Mais do que isso, seria uma maneira de se redimir do vexame da eleição passada, quando a imprensa se ocupou mais do oba-oba em torno dos candidatos a presidente do que com seu programa de governo. O de Collor, o país acabou conhecendo na prática apenas a partir do confisco da poupança, das contas bancárias e outras barbaridades administrativas. O de Lula, ele próprio confessou recentemente que não existia. Ou seja, só depois é que se descobriu que o país ficou entre um arrivista cheio de idéias e um desarmado cheio de ideais.
É obrigação da imprensa, desta vez, reproduzir, debater, polemizar e avaliar o plano de governo de cada candidato que tenha o Planalto na mira. Faz parte de sua responsabilidade social ajudar o eleitor a conhecer cada pormenor dos candidatos, sua vida pregressa, suas propostas. De preferência, sem a parcialidade demonstrada pela Folha na apresentação do programa preliminar do PT.

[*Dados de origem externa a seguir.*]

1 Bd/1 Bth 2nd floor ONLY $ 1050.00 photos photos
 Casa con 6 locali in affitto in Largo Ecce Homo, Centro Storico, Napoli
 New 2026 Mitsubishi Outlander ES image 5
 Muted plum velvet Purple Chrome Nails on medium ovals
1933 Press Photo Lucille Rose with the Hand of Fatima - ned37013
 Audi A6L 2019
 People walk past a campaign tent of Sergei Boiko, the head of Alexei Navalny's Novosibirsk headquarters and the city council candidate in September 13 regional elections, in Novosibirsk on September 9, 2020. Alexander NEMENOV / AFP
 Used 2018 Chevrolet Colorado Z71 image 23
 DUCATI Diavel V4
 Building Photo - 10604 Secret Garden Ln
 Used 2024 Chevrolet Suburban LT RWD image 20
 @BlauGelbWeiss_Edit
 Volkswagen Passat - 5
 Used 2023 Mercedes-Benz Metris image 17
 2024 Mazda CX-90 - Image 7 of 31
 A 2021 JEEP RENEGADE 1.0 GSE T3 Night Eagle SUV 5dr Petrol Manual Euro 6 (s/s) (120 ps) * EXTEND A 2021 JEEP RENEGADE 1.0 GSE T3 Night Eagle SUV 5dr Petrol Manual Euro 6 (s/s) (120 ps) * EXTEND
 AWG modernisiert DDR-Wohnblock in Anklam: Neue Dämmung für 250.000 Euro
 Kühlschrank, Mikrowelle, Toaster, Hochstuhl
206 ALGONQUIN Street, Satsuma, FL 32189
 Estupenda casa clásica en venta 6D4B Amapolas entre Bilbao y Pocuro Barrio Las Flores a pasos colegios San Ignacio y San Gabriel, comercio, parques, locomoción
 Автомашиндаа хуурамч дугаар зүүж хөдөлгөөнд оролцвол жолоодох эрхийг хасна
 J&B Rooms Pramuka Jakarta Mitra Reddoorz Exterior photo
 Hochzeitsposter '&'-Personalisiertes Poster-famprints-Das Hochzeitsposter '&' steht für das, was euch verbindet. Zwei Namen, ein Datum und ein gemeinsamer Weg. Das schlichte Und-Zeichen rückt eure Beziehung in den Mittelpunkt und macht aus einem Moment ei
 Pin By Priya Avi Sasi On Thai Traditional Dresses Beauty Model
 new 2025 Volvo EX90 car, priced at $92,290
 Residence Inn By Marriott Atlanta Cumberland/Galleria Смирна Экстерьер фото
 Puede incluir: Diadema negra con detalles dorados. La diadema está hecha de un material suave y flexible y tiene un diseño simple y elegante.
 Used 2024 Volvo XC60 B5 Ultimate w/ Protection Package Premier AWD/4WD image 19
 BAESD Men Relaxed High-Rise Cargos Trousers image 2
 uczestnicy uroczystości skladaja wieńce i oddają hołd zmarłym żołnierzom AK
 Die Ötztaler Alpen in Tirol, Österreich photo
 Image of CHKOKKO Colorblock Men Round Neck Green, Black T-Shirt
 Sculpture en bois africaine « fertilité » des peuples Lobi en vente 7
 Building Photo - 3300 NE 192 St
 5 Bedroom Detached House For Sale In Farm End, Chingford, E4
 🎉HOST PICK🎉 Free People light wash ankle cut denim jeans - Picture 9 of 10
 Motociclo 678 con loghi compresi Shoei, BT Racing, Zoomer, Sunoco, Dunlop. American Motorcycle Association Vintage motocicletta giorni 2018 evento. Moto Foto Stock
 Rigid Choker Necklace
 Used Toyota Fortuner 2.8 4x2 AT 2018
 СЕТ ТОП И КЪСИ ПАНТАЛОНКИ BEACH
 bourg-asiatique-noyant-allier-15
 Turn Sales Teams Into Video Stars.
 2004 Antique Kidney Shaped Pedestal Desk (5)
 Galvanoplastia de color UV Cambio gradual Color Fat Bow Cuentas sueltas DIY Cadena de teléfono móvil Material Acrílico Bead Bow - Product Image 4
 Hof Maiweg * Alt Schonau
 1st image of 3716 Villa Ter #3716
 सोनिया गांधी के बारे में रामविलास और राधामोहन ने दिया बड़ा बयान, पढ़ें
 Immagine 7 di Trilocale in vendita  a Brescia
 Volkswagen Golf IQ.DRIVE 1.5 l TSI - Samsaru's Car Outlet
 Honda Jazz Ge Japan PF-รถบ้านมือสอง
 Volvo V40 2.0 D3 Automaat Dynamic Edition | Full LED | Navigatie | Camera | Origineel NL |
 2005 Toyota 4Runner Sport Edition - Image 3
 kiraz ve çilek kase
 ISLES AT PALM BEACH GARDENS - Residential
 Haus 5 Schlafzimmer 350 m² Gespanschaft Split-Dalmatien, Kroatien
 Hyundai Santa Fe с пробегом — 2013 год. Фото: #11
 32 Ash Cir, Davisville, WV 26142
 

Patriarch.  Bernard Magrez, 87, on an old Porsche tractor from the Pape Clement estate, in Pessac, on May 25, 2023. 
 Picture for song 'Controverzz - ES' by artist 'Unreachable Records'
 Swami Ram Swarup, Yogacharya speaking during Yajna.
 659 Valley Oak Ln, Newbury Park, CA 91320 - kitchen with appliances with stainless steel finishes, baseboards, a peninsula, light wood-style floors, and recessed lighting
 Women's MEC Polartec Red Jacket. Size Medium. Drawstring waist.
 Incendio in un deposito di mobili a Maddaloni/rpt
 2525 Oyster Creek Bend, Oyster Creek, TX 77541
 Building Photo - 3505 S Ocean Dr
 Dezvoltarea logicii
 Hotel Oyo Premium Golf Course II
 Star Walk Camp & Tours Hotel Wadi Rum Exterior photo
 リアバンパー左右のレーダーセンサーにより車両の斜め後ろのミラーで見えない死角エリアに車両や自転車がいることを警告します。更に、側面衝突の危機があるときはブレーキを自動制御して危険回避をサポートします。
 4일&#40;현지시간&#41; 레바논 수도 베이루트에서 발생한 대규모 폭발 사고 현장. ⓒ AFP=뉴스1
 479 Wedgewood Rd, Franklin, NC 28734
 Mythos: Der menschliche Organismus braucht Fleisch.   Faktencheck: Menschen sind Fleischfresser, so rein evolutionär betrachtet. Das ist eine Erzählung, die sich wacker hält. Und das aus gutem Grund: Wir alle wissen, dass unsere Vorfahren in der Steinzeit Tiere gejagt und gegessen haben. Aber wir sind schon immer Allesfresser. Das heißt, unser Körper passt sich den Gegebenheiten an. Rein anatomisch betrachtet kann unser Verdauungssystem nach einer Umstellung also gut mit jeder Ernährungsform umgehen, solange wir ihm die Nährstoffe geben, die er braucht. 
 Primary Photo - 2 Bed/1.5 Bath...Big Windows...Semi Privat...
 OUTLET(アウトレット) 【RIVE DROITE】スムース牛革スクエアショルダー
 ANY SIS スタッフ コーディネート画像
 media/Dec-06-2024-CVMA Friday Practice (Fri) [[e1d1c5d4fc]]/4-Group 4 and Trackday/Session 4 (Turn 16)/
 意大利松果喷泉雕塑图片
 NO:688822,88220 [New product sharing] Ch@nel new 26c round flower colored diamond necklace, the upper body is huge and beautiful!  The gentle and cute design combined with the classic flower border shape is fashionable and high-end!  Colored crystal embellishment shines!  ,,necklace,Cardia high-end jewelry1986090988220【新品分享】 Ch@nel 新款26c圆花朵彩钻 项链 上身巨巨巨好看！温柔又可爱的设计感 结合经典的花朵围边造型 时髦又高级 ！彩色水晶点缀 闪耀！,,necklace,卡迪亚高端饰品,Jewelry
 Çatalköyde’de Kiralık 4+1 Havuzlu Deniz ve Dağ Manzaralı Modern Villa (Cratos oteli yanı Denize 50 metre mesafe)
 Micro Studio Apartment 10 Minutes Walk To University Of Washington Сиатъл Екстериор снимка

O jornal tem o direito, sim, de malhar qualquer programa de governo como um Judas em sábado de Aleluia. Tem, mais do que o direito, o dever de apontar ao leitor suas imperfeições, seus anacronismos, suas distorções, suas impossibilidades. Pode escrever um editorial por dia contra cada um dos programas, até as eleições. Mas deve abrir espaço igualmente para os que os apóiam e promover sua discussão exaustivamente. Ou então estará fazendo por baixo do pano a mesma coisa que os candidatos fazem abertamente nas ruas: campanha.